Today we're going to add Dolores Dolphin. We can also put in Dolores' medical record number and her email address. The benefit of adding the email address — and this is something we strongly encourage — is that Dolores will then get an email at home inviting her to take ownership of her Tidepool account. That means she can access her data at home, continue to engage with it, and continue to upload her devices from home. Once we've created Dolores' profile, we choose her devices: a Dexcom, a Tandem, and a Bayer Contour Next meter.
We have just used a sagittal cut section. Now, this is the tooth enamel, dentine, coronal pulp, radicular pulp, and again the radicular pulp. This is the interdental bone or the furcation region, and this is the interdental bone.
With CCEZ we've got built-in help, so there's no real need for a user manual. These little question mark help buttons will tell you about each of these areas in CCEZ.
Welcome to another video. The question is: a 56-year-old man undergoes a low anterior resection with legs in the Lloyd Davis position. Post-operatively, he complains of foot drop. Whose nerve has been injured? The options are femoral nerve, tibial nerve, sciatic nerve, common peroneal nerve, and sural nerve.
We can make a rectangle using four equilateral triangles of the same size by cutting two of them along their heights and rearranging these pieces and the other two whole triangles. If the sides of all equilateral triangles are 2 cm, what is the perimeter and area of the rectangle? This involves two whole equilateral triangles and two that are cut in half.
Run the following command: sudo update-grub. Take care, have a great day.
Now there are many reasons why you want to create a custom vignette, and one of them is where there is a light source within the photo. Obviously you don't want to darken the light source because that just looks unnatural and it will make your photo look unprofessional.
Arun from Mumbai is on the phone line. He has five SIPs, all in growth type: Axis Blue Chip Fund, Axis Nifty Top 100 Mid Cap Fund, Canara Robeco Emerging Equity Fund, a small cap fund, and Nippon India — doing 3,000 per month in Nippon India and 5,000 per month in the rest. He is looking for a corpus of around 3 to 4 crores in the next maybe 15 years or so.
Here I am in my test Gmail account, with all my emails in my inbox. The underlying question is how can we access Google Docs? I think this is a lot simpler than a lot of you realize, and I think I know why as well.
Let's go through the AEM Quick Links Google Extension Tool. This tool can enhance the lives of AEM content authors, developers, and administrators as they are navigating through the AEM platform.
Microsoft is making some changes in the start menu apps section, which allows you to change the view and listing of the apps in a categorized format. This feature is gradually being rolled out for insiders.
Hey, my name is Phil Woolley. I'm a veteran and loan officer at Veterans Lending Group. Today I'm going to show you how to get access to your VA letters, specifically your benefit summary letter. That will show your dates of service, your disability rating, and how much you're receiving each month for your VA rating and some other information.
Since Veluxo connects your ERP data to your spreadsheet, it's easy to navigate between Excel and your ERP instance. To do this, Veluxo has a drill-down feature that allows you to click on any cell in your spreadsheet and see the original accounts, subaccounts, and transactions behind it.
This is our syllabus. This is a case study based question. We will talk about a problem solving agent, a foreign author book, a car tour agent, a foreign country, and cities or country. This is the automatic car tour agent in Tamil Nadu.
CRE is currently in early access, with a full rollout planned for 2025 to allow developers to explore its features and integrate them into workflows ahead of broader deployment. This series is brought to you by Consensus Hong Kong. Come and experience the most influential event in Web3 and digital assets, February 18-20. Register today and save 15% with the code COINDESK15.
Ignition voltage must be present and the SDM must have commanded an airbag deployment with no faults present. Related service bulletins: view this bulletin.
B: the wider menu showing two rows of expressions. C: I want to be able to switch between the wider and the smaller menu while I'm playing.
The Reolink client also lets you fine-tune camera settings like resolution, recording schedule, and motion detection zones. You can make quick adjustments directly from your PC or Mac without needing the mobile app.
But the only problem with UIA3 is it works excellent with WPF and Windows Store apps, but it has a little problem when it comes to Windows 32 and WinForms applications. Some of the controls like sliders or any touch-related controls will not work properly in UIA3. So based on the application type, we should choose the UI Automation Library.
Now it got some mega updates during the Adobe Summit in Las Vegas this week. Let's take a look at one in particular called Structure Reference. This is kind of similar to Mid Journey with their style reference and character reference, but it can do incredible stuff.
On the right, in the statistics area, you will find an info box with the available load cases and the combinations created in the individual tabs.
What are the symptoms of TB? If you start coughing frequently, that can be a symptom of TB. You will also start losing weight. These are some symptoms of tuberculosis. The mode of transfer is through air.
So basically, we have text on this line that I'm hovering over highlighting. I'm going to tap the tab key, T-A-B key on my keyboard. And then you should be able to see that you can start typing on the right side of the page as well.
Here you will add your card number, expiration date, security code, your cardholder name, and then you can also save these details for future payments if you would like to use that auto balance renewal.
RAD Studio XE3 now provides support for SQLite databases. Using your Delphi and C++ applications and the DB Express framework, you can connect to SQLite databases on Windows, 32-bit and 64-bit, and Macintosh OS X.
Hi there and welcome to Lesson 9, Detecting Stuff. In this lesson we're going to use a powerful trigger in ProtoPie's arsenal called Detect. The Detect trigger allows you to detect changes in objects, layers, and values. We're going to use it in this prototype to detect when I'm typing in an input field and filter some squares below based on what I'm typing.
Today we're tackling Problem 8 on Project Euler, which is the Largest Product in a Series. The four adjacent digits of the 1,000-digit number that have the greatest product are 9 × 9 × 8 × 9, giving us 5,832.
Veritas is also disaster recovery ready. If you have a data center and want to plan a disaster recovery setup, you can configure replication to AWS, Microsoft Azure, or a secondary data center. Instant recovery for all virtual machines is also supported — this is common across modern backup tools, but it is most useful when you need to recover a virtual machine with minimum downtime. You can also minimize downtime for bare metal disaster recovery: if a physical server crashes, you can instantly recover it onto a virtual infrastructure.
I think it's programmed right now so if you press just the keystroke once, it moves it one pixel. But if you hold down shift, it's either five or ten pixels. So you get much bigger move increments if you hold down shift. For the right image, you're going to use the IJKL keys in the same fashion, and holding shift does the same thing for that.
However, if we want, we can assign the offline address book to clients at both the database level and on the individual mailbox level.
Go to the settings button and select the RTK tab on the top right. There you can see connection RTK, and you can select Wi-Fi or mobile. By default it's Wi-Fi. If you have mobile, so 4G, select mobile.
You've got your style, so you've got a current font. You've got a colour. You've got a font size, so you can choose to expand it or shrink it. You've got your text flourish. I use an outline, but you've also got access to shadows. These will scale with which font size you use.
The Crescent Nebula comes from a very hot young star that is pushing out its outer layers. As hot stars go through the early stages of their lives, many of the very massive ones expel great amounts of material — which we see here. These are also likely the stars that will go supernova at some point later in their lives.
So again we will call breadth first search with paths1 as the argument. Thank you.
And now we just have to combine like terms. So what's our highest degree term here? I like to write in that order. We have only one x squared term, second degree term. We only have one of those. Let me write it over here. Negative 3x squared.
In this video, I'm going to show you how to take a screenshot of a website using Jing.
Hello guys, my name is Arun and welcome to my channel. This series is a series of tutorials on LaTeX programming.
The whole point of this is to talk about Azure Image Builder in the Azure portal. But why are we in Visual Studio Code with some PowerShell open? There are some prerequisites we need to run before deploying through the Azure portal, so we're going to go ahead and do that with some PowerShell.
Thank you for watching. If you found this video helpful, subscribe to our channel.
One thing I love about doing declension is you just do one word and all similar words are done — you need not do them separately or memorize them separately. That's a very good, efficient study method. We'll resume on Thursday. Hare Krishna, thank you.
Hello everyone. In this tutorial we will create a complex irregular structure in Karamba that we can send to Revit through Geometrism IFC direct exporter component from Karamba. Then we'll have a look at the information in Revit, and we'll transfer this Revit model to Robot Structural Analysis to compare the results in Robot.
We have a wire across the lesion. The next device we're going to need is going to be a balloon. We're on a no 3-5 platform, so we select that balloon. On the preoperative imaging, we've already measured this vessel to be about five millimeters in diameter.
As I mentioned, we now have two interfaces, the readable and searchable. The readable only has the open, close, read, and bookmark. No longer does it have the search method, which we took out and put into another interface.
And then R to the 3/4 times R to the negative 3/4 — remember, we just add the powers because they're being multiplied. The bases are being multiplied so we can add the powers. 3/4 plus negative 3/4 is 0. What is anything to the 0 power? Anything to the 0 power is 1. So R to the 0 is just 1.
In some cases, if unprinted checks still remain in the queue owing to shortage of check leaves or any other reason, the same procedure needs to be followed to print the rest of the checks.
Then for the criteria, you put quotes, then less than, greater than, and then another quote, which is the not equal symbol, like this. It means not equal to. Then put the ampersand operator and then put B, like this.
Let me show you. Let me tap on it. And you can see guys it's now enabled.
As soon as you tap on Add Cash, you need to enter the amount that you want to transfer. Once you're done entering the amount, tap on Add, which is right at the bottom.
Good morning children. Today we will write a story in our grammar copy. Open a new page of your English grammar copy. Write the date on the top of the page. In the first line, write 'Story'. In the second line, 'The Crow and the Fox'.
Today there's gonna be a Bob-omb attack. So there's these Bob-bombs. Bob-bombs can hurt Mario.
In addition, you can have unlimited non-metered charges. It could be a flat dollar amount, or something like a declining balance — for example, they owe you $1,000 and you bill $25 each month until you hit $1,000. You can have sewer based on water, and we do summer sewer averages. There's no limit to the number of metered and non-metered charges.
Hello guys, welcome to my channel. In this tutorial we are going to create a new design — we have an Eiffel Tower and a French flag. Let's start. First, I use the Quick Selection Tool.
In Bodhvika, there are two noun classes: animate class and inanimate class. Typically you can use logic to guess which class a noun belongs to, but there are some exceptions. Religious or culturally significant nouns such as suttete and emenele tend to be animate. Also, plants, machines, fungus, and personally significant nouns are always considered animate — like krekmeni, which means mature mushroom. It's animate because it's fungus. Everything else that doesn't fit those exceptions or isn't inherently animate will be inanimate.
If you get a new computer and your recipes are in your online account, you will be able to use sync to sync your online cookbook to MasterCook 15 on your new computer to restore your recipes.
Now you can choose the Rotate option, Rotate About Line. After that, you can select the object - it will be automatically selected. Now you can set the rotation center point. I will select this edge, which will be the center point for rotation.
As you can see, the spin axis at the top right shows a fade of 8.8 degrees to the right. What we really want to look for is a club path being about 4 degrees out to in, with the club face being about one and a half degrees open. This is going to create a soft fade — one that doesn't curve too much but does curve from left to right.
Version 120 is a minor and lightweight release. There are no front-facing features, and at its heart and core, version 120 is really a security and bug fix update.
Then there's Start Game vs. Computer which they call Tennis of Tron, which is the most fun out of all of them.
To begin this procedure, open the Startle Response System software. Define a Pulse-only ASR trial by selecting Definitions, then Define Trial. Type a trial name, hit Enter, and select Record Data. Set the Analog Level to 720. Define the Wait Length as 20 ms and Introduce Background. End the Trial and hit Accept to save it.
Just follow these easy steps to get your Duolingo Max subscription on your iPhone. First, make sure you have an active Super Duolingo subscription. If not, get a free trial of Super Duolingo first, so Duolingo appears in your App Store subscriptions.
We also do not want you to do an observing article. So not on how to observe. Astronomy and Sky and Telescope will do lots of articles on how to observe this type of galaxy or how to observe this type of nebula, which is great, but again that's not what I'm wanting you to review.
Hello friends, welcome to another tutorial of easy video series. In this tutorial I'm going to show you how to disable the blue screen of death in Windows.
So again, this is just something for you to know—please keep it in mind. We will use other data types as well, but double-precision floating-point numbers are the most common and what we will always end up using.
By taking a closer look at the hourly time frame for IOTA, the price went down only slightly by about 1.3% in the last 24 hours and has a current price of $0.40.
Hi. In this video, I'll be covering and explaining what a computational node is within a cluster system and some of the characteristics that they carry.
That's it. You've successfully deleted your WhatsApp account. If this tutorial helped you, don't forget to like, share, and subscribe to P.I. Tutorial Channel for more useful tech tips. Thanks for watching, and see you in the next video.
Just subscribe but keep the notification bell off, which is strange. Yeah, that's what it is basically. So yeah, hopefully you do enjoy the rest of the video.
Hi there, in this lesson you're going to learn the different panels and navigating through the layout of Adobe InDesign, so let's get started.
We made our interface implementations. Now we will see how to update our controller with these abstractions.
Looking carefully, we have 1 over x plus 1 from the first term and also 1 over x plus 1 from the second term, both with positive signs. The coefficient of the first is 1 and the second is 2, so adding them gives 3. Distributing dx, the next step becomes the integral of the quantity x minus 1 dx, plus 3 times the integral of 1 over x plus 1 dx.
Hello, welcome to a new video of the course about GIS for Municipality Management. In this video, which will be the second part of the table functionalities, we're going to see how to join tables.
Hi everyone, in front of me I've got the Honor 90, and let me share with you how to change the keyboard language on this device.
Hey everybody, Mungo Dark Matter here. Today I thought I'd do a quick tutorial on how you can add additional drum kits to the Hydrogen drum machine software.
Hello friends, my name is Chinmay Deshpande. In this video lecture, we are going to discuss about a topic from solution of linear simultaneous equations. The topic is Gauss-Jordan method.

****************

WHAT IS REQUIRED:
The lines above from the one with "However, if we" through the one with "The Crescent Nebula" are to be duplicated exactly, ends included, with nothing added.

EXERCISE OUTPUT:
However, if we want, we can assign the offline address book to clients at both the database level and on the individual mailbox level.
Go to the settings button and select the RTK tab on the top right. There you can see connection RTK, and you can select Wi-Fi or mobile. By default it's Wi-Fi. If you have mobile, so 4G, select mobile.
You've got your style, so you've got a current font. You've got a colour. You've got a font size, so you can choose to expand it or shrink it. You've got your text flourish. I use an outline, but you've also got access to shadows. These will scale with which font size you use.
The Crescent Nebula comes from a very hot young star that is pushing out its outer layers. As hot stars go through the early stages of their lives, many of the very massive ones expel great amounts of material — which we see here. These are also likely the stars that will go supernova at some point later in their lives.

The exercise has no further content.